ITHACA, NY – It seemed that everyone was prepped for controversy and confrontation over the swimming ban at Wednesday’s Common Council meeting.
Multiple camera crews crowded into the council chambers, along with about 30 citizens. Many of them had just been protesting outside before the meeting and came to speak about the swimming ban or support other speakers.
The proposed change would add the following language to the city’s municipal code: “Wading, bathing, floating, jumping, swimming or otherwise entering the water of any natural area located within or owned by the City of Ithaca shall constitute Trespass. Entering the water for fishing purposes is exempt from this provision.”
Many made heartfelt speeches about swimming in the gorges during their childhoods and wanting to pass that onto their children, or how enjoying the gorges is something that is ingrained in our culture.
Scott Miller, of Ithaca, spoke about how exploring the gorges was like exploring Tolkein’s Middle Earth for him and his son. “Don’t ban the mythology of my sons youth,” he implored.
Others took a more practical approach, arguing that the existing laws were sufficient to curb the main unwanted behaviors — namely cliff jumping, drinking and drugs and disrupting the natural areas with litter.
Rather than confrontation, by the end of the discussions on the topic it seemed that the protesters and Common Council came to a friendly understanding: no one really wants to ban swimming, but something must be done about those negative behaviors.
For now, the proposed language change will not be going forward.
Instead, Mayor Myrick spoke about appointing a task force to find alternative solutions to the issue. The task force will likely spend a month or two drafting a new plan, which will be passed on to the City Administration Committee before coming back to council.

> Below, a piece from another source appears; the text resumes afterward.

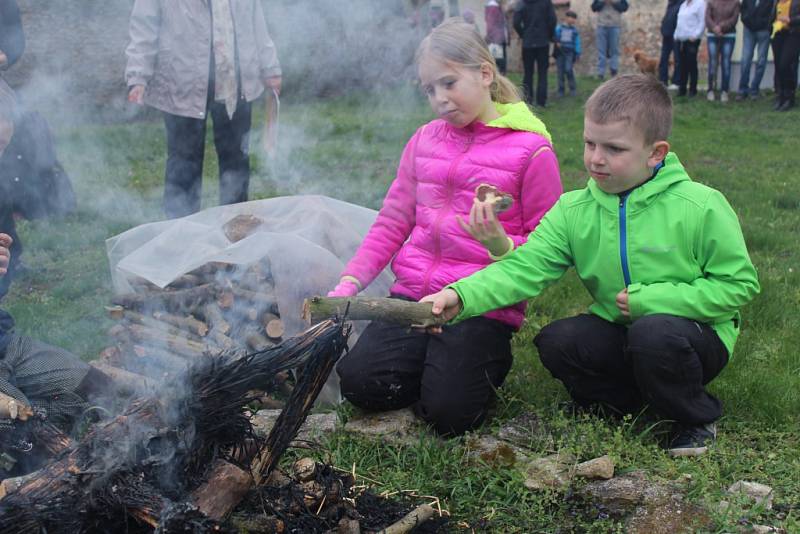 V Nebovidech se v sobotu odpoledne uskutečnilo příjemné velikonoční tvoření, alias vítání jara, zakončené vynášením Morany.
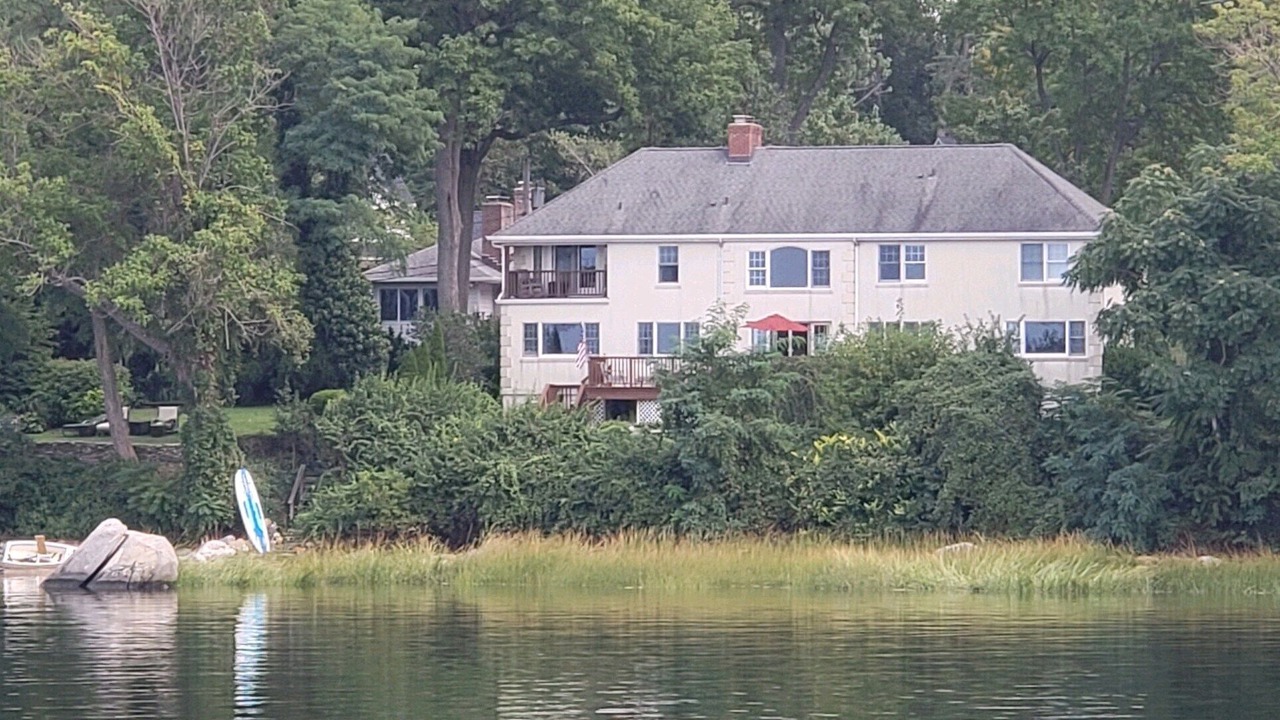 Photo of Outdoor in Centre Island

Focusing on the real problem
As soon as the public comment period ended and the council began discussing the issue, it was clear that most of the council members were on the same page with the people speaking out against the ban.
Alderperson Cynthia Brock received an energetic applause when she called swimming in natural areas a “fundamental right.”
Alderperson George McGonigal also got a positive response when he urged people who are invested in swimming in the gorges to also do their part to help keep the areas clean and safe.
In response, Logan Bell, one of the protest organizers, held up a garbage bag and said that he always does.
The general consensus among those on the council and some of the public that came out to speak was this: most people have no interest in an outright swimming ban, but cliff jumping, disruptive parties and littering are still major issues.
Many of the protesters agreed on this — one held a signs saying “Cliff Jumping Kills.”
As The Voice reported before, the new legislation was primarily aimed at enforcement of those edge cases.
Now the challenge for the new task force will be to come up with a solution that effectively targets the negative behaviors without catching the swimmers who treat our natural areas with respect in the crosshairs.